3-3 察してもらおうだなんて思うなよ、その口は何のためについてんだ
相手の顔を見た途端に、一瞬でしけた顔つきに切り替わったが。伊野田の背後にいた男は眉間に寄せた皺に不機嫌を集中させているような面持ちでこちらを見下ろしている。
右手でサングラスをつまんでいるので、それで肩に触れたのだろう。堀の深い顔立ちに窪んだ眼窩でそこに立つ様は、暗いところで遭遇すれば幽霊と間違えられても弁明できないだろうと、伊野田はいつも思う。
彼は心の中でしゃあしゃあと舌を出しつつ、にこやかな顔に切り替えて店員に向き直り、「あとふたつ追加で同じのもらっていい?」とお願いした。彼女は「もちろん」と言い、トースターに素早くパンを放り込んだ。奥からもう一人年配の店員がサロンを巻きながら顔をだし、作業のフォローを始めている。

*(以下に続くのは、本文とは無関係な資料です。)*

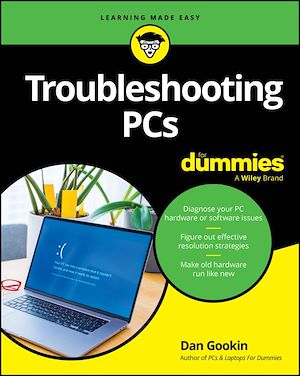 Download the eBook: Troubleshooting PCs For Dummies
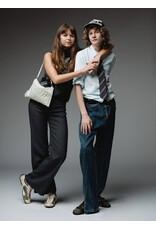 Susan Bijl Pouch ZERO M, Cloud - 19 x 29cm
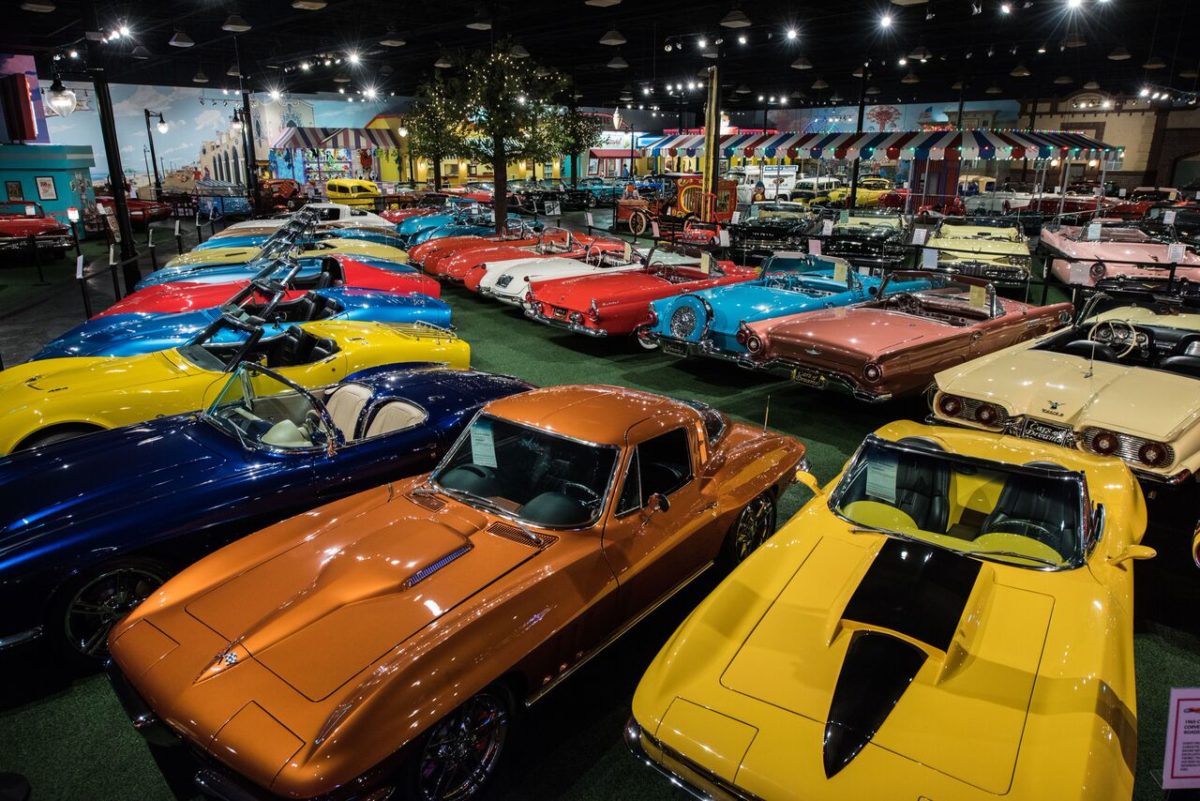 Barrett-Jackson Car Auction 2019 - Cowboy Lifestyle Network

伊野田の後ろにいた男は広場のベンチを一瞥し、そちらに首を振った後で去っていった。あちらに来い、と言う事だろうか。
少し待ってから追加のクラフトボックスも受取ると、彼女は「フードコンテストやっているから、うちに投票よろしくね」といって手を振った。
伊野田はお礼を言って、広場に戻った。ベンチには笠原拓が座っており、何やらドリンクを飲んでいる。その脇に先ほどの男、琴平が彫刻のような姿勢で腕を組んで立っていた。